University of Denver

Family Justice Reform Recommendations Round Out National State Court Reform Efforts

Director of Special Projects
Senior Director

As state courts around the country have been responding to the Conference of Chief Justices' (CCJ) 2016 Call to Action for civil justice reform, IAALS, the National Center for State Courts (NCSC), and the National Council of Juvenile and Family Court Judges (NCJFCJ) also have been focused on developing companion recommendations for evaluating and improving the way courts handle domestic relations cases.

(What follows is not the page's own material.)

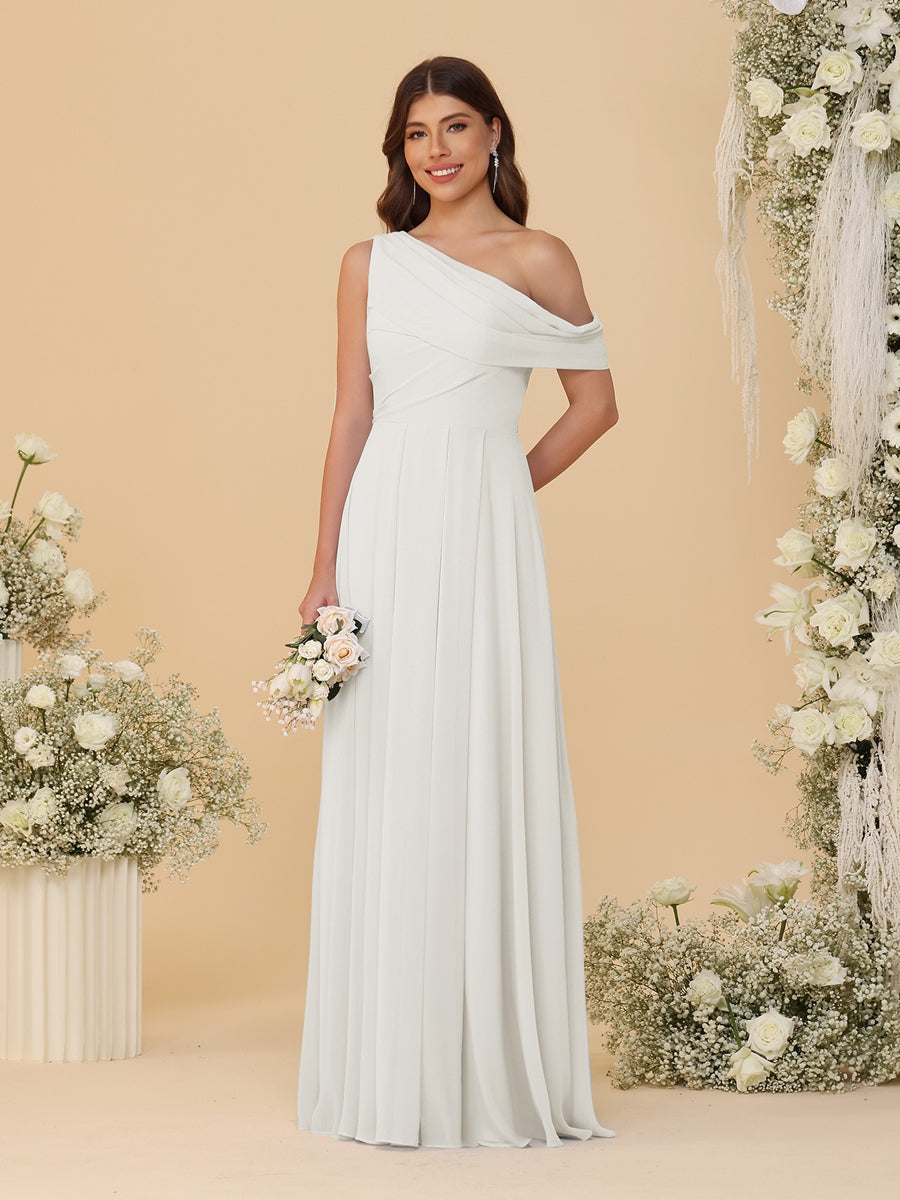 A-Line/Princess One-Shoulder Floor-Length Bridesmaid Dresses With Watteau Train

The Family Justice Initiative has recently released its own final report and recommendations, extending and modifying the CJI Recommendations to address domestic relations cases:

  • Principle 1 – Direct an Approach that Focuses on Problem Solving
  • Principle 2 – Involve and Empower Parties
  • Principle 3 – Courts are Safety and Trauma-Responsive
  • Principle 4 – Provide Information and Assistance
  • Principle 5 – Use a Service-based Pathway Approach
  • Principle 6 – Streamlined Pathway
  • Principle 7 – Tailored Services Pathway
  • Principle 8 – Judicial/Specialized Pathway
  • Principle 9 – Implement High Quality Judicial and Court Staff Training / Education
  • Principle 10 – Identify and Strengthen Community Partnerships
  • Principle 11 – Improve Ongoing Data Collection, Analysis, and Use of Data to Inform Case Management
  • Principle 12 – Collect and Analyze User-Evaluation Metrics
  • Principle 13 – Implement Innovative and Appropriate Technology

CCJ has approved these Principles through Resolution 3 (2019), and the next step for the Family Justice Initiative is to implement and evaluate these Principles in four pilot jurisdictions.

The broader work of CCJ and the Conference of State Court Administrators (COSCA) began in 2013 when they created the Civil Justice Improvements Committee in order to develop a set of specific recommendations, based on pilot project experiences and innovations of the states, for addressing the cost and delay in our state civil justice systems. That Committee, in partnership with IAALS and NCSC, issued a comprehensive set of recommendations for civil justice reform in 2016 in an effort to help state courts better meet the needs of the 21st Century, informed by NCSC’s Landscape of Civil Litigation in State Courts. The CCJ adopted the CJI Committee’s report and recommendations, and IAALS embarked alongside NCSC on a three-year Civil Justice Initiative implementation project.

The Family Justice Initiative adopted a similar approach. The project’s work began with the Landscape of Domestic Relations Cases in State Courts study last year, which informed the work of the CCJ and COSCA Joint Committee on Children and Families.

IAALS has been a proud and long-time partner in these national civil and family justice efforts alongside CCJ, COSCA, and NCSC. One of us, Brittany, served as IAALS’ lead on the Civil Justice Initiative while the other of us, Natalie, served as IAALS’ lead on the Family Justice Initiative. These sister efforts have gained momentum since the Conference of Chief Justices first began sounding the national call to action for broad civil justice reform several years ago.

Of course, IAALS has been active in reforming civil and family court processes since its inception in 2006. But the national visibility and allocation of essential resources toward this effort on a larger scale has helped IAALS boost our own reform efforts and have even greater impact, at the state and federal levels. The critical, lasting partnerships in our work toward rebuilding the justice system have been instrumental in this impact, and we recognize and celebrate these partnerships as the release of the FJI Principles signal another key step forward in this momentum for reform.